My very first hollow wood board was back in the late 90s or early 2000s. I followed along with what Paul Jensen was doing, and did a board in that style. All hand drawn skeleton, and cork rails. The next HWS I attempted was actually a paddle board design by Clayton at Sliver Paddleboards. That one was a regular skeleton and ribs with Cove and bead rails.
Although there were a ton of great things I learned from both of these gentlemen and their processes, I wanted to make things easier and more straightforward for myself. Both of their processes necessitated rocker tables. I wanted to do the rails a little bit different as well, as I found that the cork rails were too heavy and soft, and the Cove and bead were incredibly time consuming to mill and prepare.
So that’s what’s led to this build is using the “ribs on sprues”, with a quasi-solid cedar rail that can have all materials ripped on a table saw. Outside of the design, the actual build from milling through until it was ready to glass takes 5 days. Most of that is waiting for glue to dry as well. Lol.
Design Stage. This is a small wave mini-Mal, but I wanted it to be lower volume than some of my other boards. I worked with Shape3D until I had both the rocker and the shape that I wanted. The rails start fairly soft and harden out through the tail, and the bottom has a single concave in the nose that transitions through a slight double concave to a mild V at the tail.
Once I have the design set up, then I create a section on the board every 8 inches. Then I use the print file option to print it as a PDF, convert it the PDF into an SVG file, and then import it that SVG into Microsoft Visio. Once I had it in there I offset the lines to account for the quarter inch deck skin, and then offset again and hollowed out my ribs.
At this point, I added my bottom rocker measurements underneath each of the ribs, as well as an outline of the reversed deck rocker. It seems a bit convoluted but the pictures probably explain it better. I built my boards by first creating a strong back like building a canoe, and then I will anchor each of these large rib templates onto that with a small set of blocks. The Stringer drops into intersecting slots from the top.

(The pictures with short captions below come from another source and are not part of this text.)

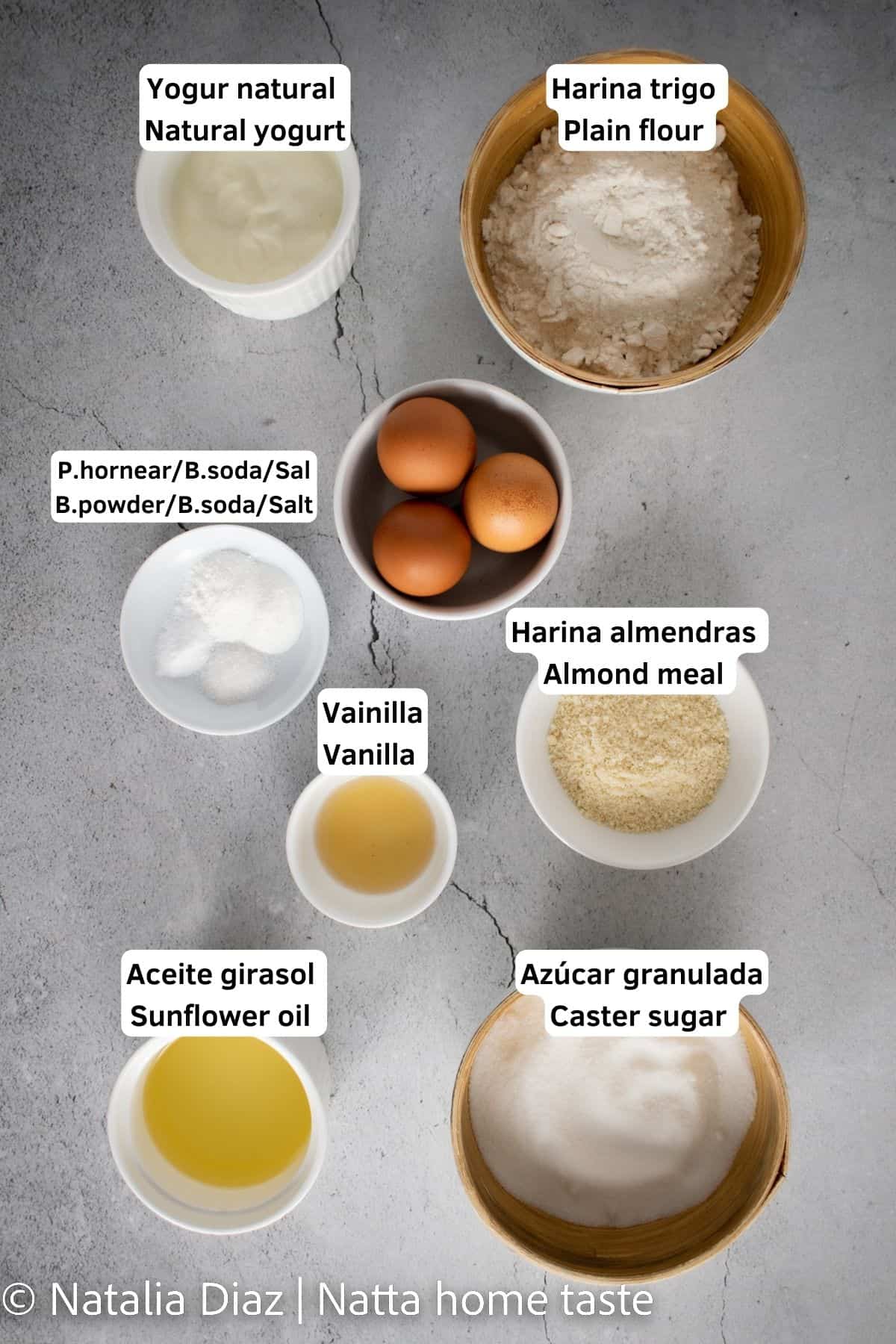 Ingredientes para preparar un bizcocho de yogur. Yogur natural, harina de trigo, huevos, polvo de hornear, bicarbonato de soda, harina de almendras, extracto de vainilla, aceite de girasol, azúcar granulada. todos los ingredientes servidos en contenedores separados.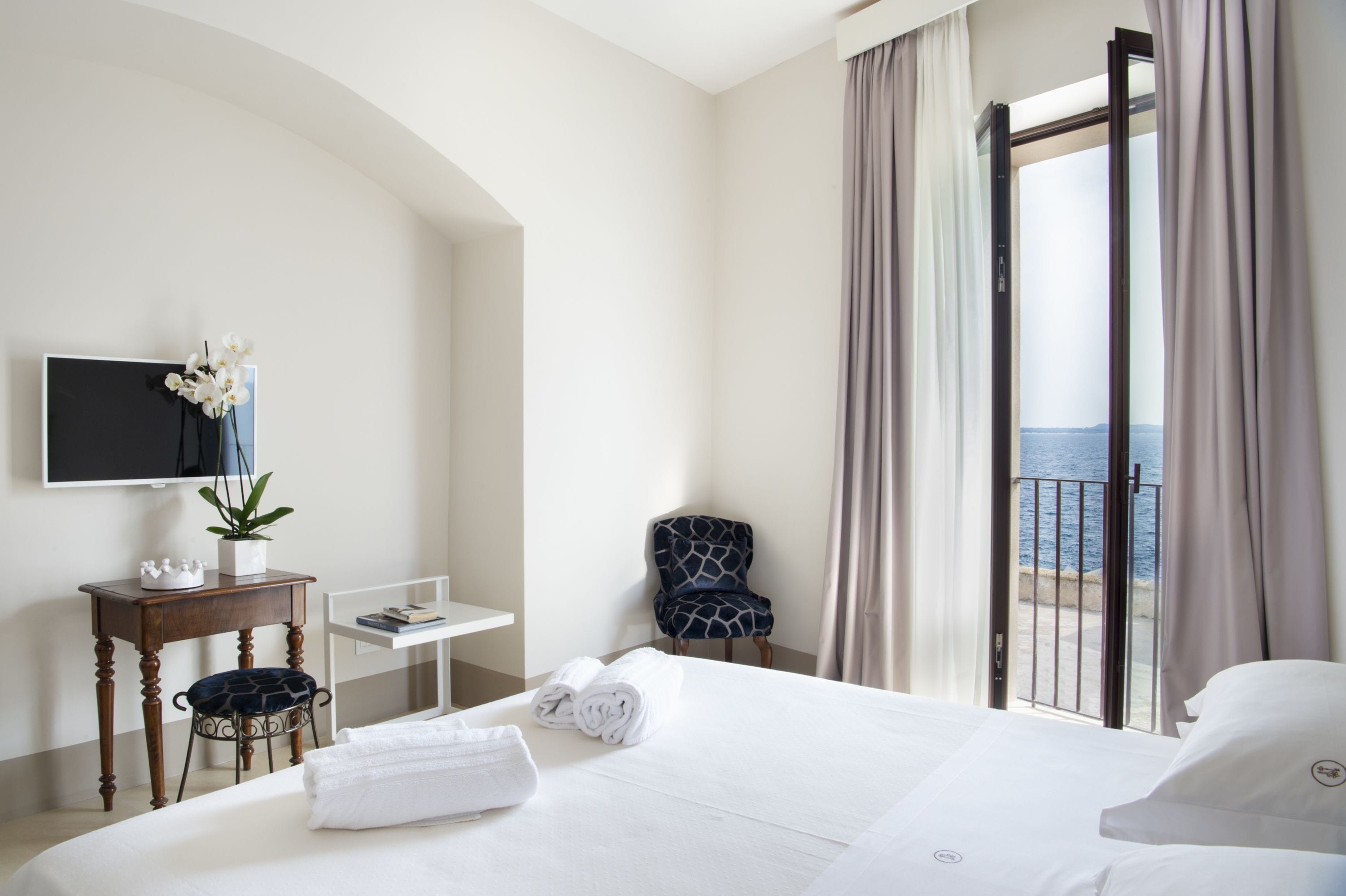 Een hotelkamer met een bed, een bureau, een stoel, een televisie en uitzicht op zee.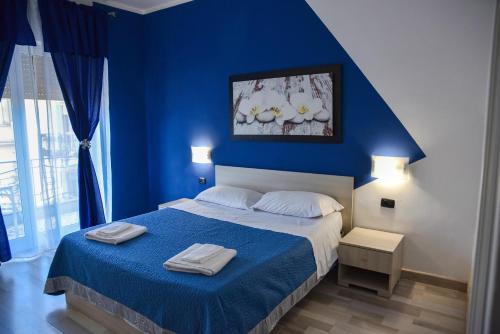 Postel nebo postele na pokoji v ubytování Mirosa Bed and Breakfast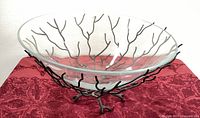 Photo showing entire glass bowl on the black metal stand with branch-like supports.
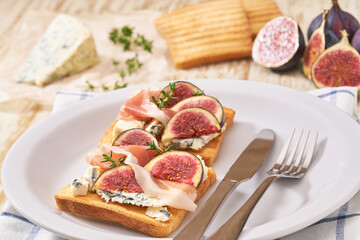 two sandwiches for breakfast with blue cheese ham and fresh figs.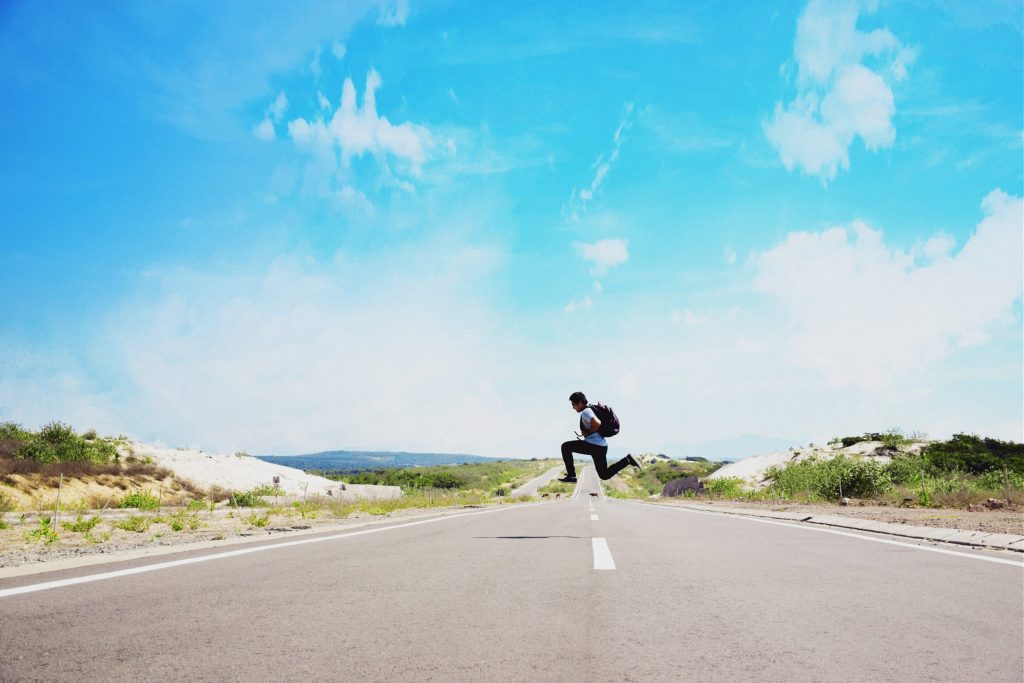 une homme traversant une route avec un sac à dos de voyage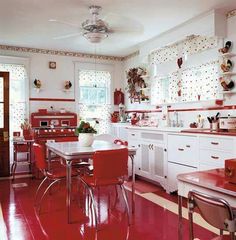 a red and white kitchen with polka dot wallpaper on the walls, flooring and cabinets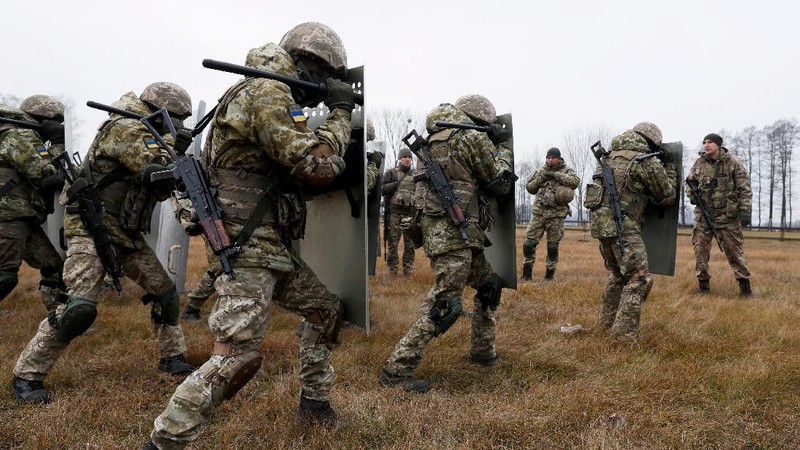 Polish law enforcement officers use water cannons, as migrants carry a log towards a fence at Kuznica - Bruzgi checkpoint, Poland, November 16, 2021. Policja Podlaska/Handout via REUTERS NO RESALES. NO ARCHIVES. MANDATORY CREDIT. THIS IMAGE HAS BEEN SUPPLIED BY A THIRD PARTY.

Lastly, I set up the rail outline so that I could build it all out of solid cedar strips, either 0.5x0.25”, or else just 0.25x0.25”. I gave an allowance around the entire board of 1-1/4” for the rail buildout. In the middle it’s pretty easy to see how they will layout. But towards the ends they will need significant planeing in order to get them down to the final shape. But strips like this are super flexible and are extremely easy to mill on a table saw.
Once I had all the designs created digitally, I had them cut on a laser cutter from 0.25” Baltic Birch plywood.
Build day one.
I used a set of saw horses and two straight 2x4’s To create a level and straight base. Borrowing from canoe building, I call this the strongback.
With that all secure, I took two 0.5” x 0.25” Strips of cedar and glue them into the furthest back and bottom positions of the rail. Clamp them in place with PVC pipe chunks like I learned from Clayton, and tie up the ends with a bit of duct tape.
Every couple of hours I would add a few more strips onto the rails. Always working from the Stringer outwards. This is the order that these strips were glued on.
Once the strips were set, I cut out my nose and tail outline from a solid piece of thin red cedar. These were then glued to the trimmed rails and ribs.
Once I had that all done, I glued in a narrow quarter inch thick strip down the centre over top of the Stringer. By gluing this on and letting it set up, it gives you something to butt the other deck pieces against as you are gluing them on. You can get much tighter joints, which is always best.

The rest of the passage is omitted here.